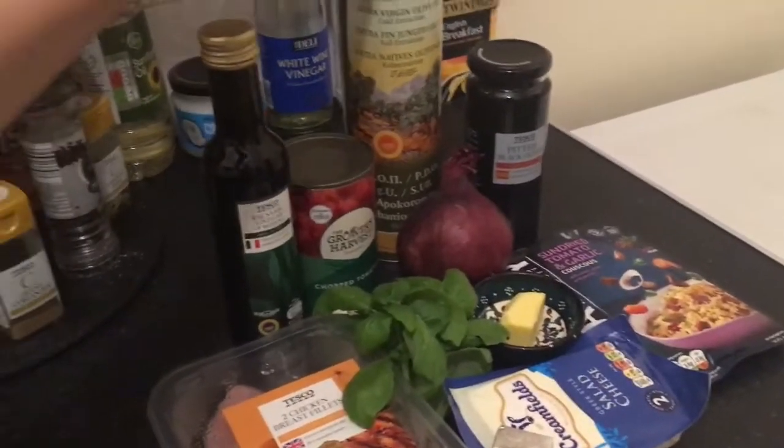I'm going to go through the ingredients, although the recipe will be in the description, but also it'll be on the Ainsley Harriot website as well, which has loads of really cool recipes — so it's really worth a look. You will need two tablespoons of oil.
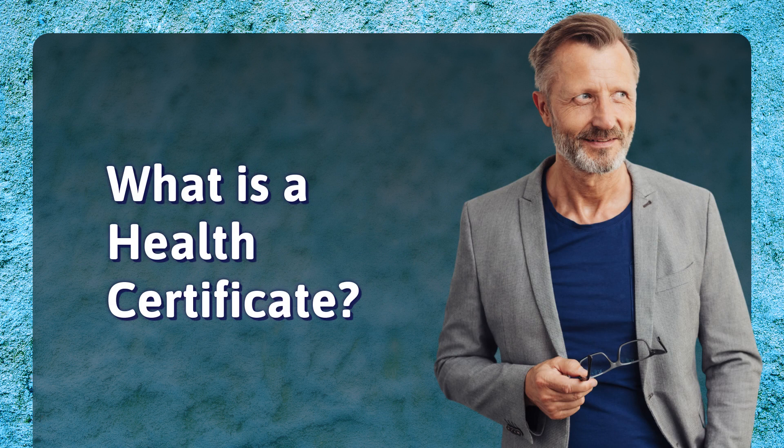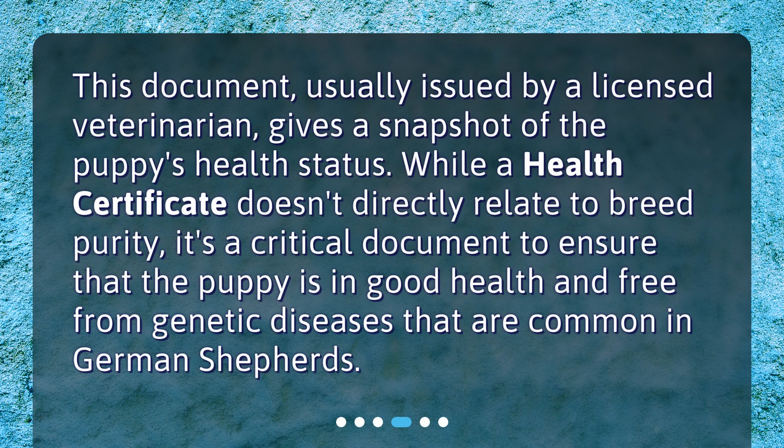What is a health certificate? This document, usually issued by a licensed veterinarian, gives a snapshot of the puppy's health status. While a health certificate doesn't directly relate to breed purity, it's a critical document to ensure that the puppy is in good health and free from genetic diseases that are common in German Shepherds.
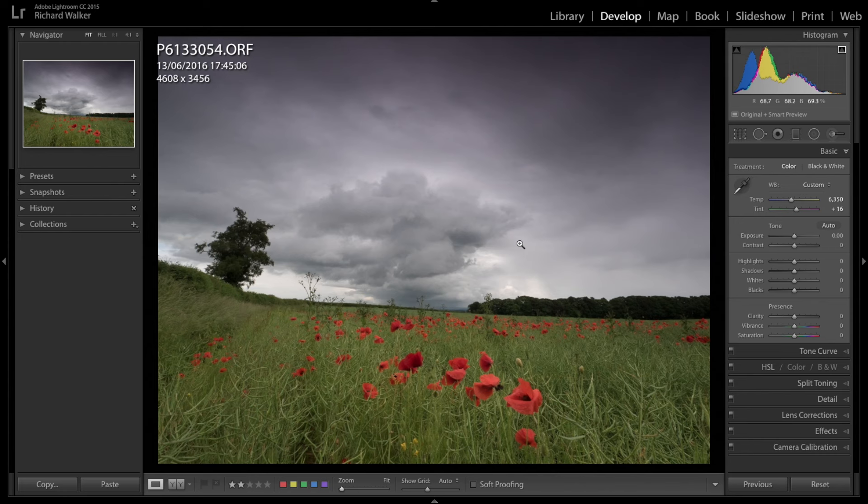There's some color cast from the neutral density filters that we'll deal with later. Next I'm bringing up the contrast, then the vibrance to really make it pop. I'm also going to bring up the saturation a little bit, but not going too far with it.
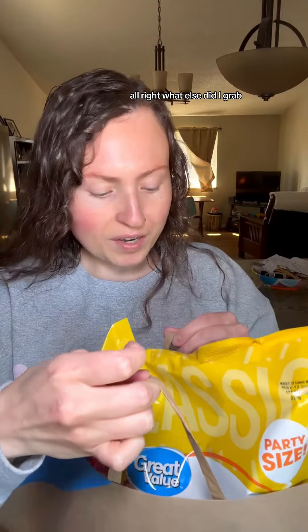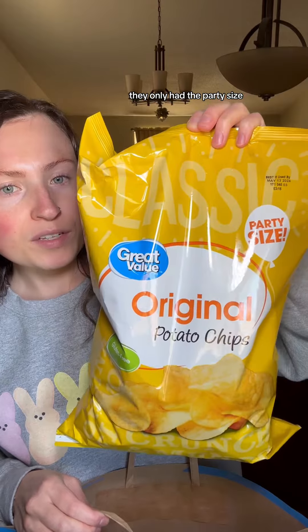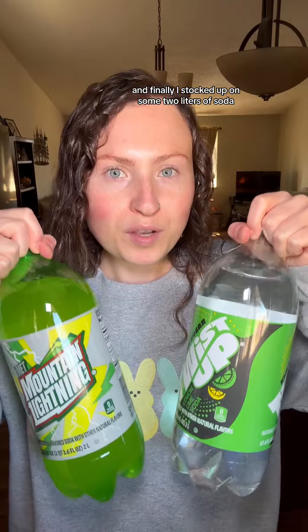My mom wanted some classic potato chips for lunches this week — they only had the party size. For a fun food comparison I got this Great Value milk chocolate bar, and I also got these Great Value sour belts and these Airheads Extremes — you might be able to deduce why I'd buy both of these. Then I grabbed these Great Value cookies, which are essentially strawberry Oreos — I can smell them through the package. I got some canned peaches, which are for a recipe I'm about to share.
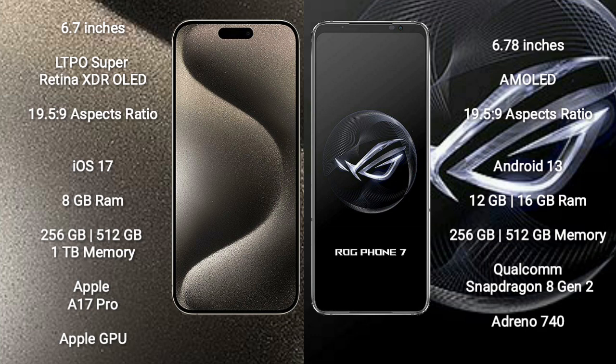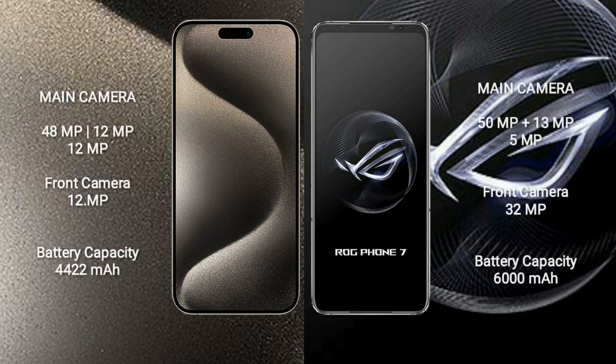The iPhone 15 Pro Max comes with 8GB RAM and 256GB, 512GB, or 1TB internal storage, powered by the Apple A17 Pro processor with Apple GPU. The Asus ROG Phone 7 comes with 12GB or 16GB RAM and 256GB or 512GB internal storage, powered by the Qualcomm Snapdragon 8 Gen 2 processor with Adreno 740 GPU.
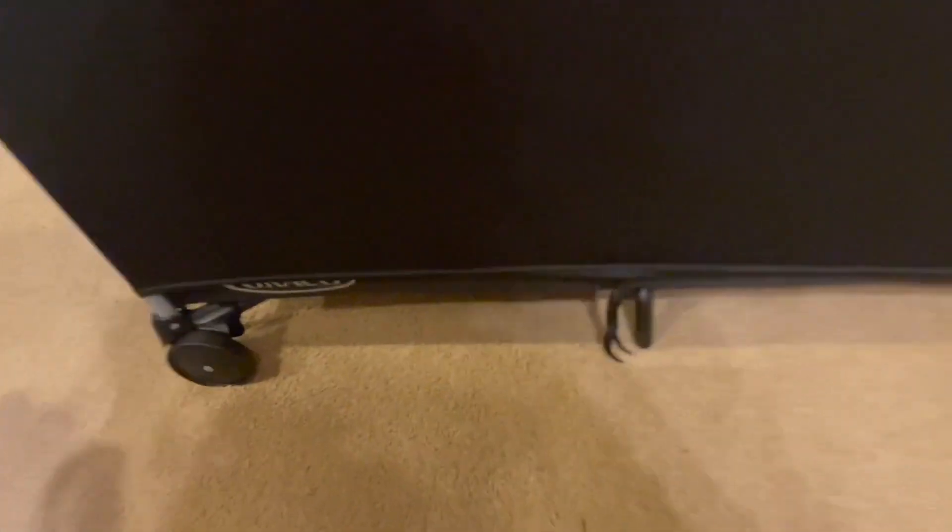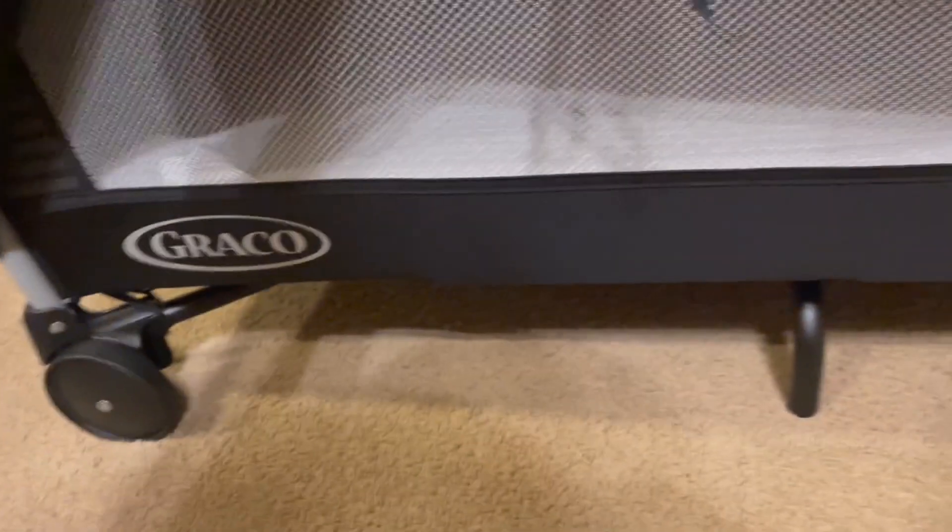At home, and especially while traveling, this cover that goes over many of the different pack and plays is absolutely a lifesaver.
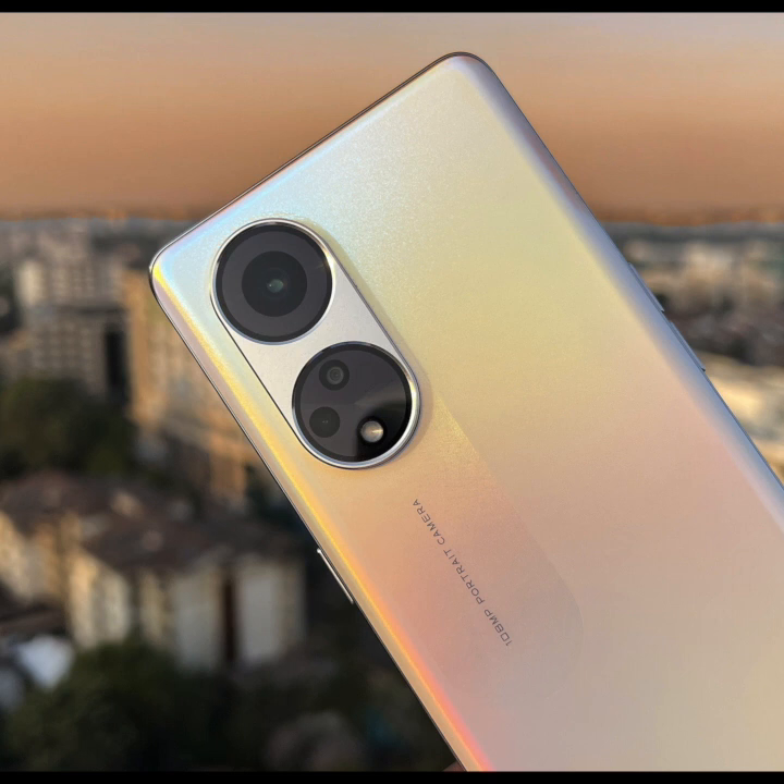One thing Oppo has remained constant with in the Reno series is design — they always get this right. This is the first Reno with a larger screen; most of the Renos were 6.4 inches. But it still feels compact, almost the same size as previous Renos — it feels a little taller due to the aspect ratio.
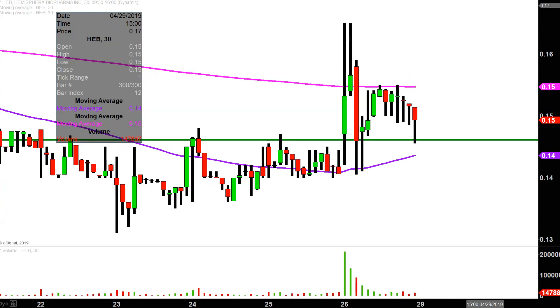All in all though, interesting day today — good volume, good momentum. We'll see if the bulls can build upon this or not next week.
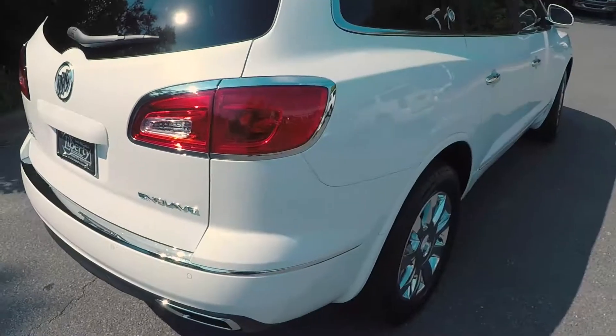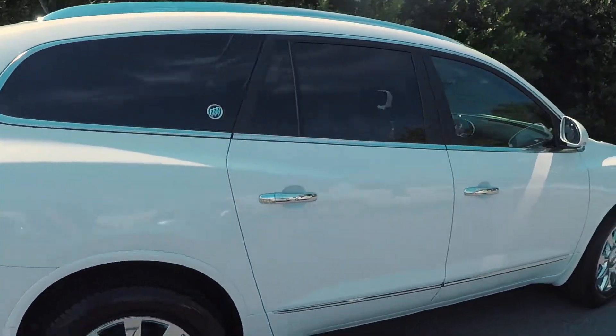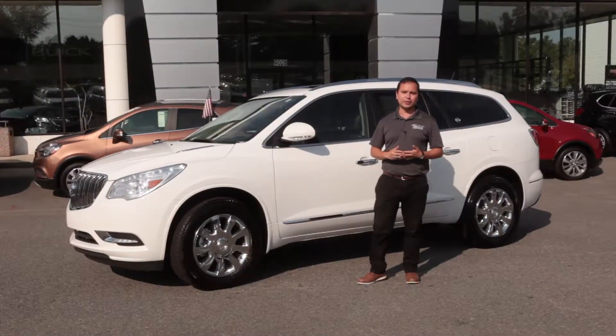It's a safe, comfortable ride — going to be very enjoyable heading down to the beach. We'll see you soon here at Liberty Buick GMC.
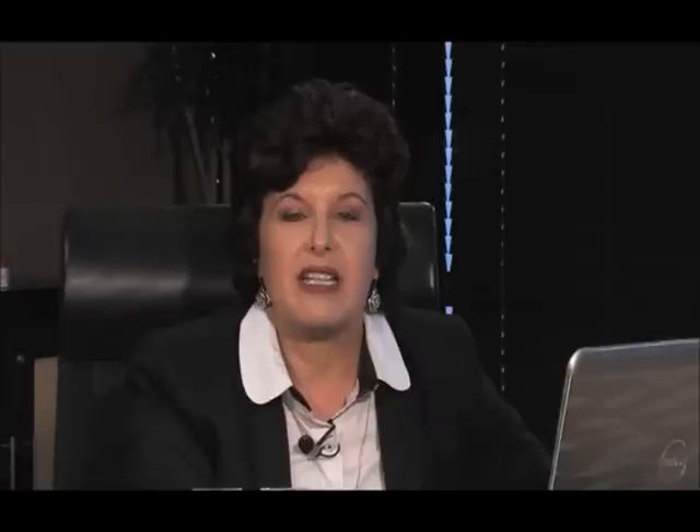All my creams have been tested at Modunza for skin irritation and they are now available on various medical aids. We've had remarkable results for many years — they've been used in hospitals, many doctors have used them, and there are many quadriplegics and paraplegics who have had amazing results including the healing of bed sores. We have now found that both Sister Jenny's multi-purpose and Sister Jenny's joint and muscle cream are very successful on diabetics because they improve circulation and help with leg cramps, burning feet, and wounds that are very difficult to heal.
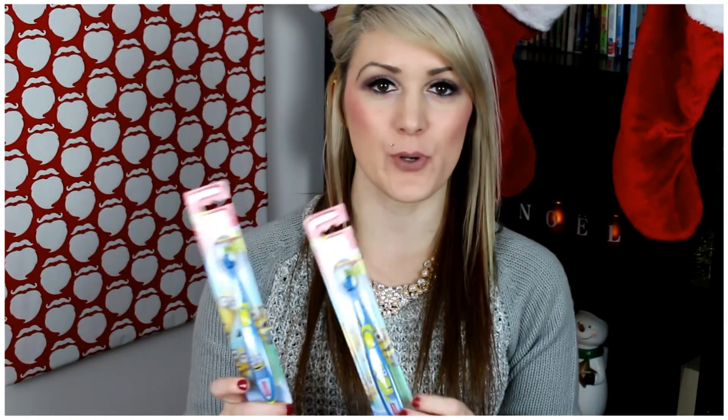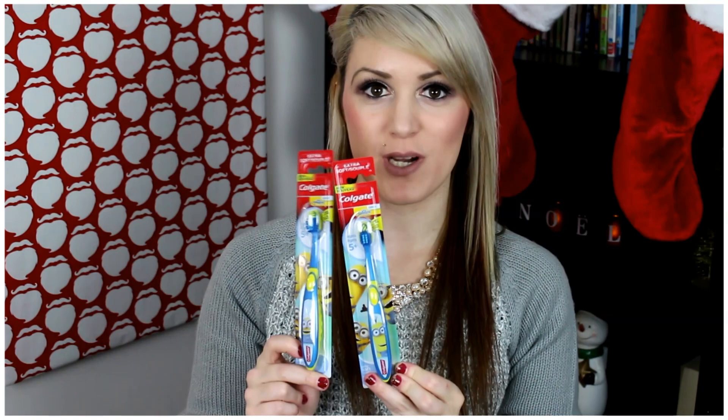This year they're going to get toothbrushes. They're both getting the same one, just a little Minion toothbrush. They're getting a small thing of bubble bath, and it's just Minions.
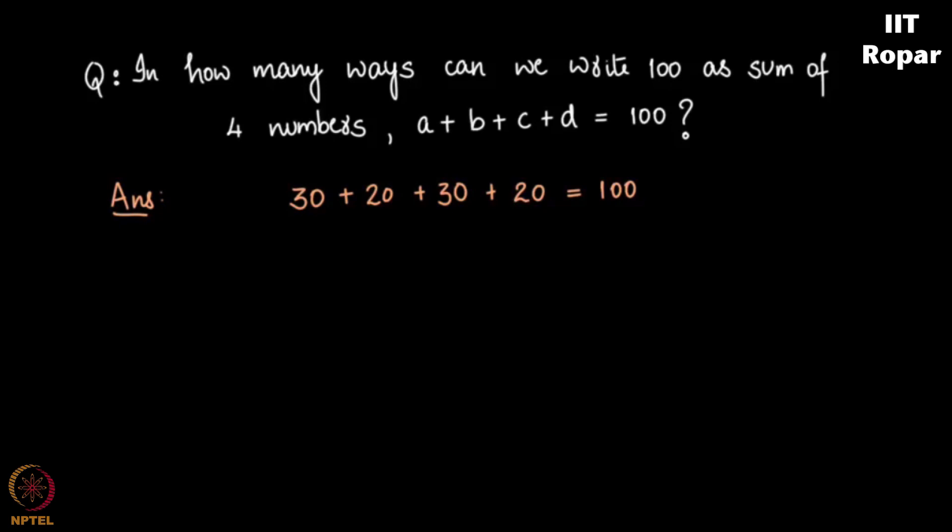You're probably wondering why we should consider those two as different possibilities. That is a rule set by us — that's how we are going to count. So in how many ways can we write 100 as A plus B plus C plus D? Note that we say non-negative integers, which means 0 is also allowed.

### [YOUR GOAL]
Leave the pictures out and please restate exactly the lines running from the start of the material through the one with "What is a health".

### [TASK SOLUTION]
I'm going to go through the ingredients, although the recipe will be in the description, but also it'll be on the Ainsley Harriot website as well, which has loads of really cool recipes — so it's really worth a look. You will need two tablespoons of oil.
What is a health certificate? This document, usually issued by a licensed veterinarian, gives a snapshot of the puppy's health status. While a health certificate doesn't directly relate to breed purity, it's a critical document to ensure that the puppy is in good health and free from genetic diseases that are common in German Shepherds.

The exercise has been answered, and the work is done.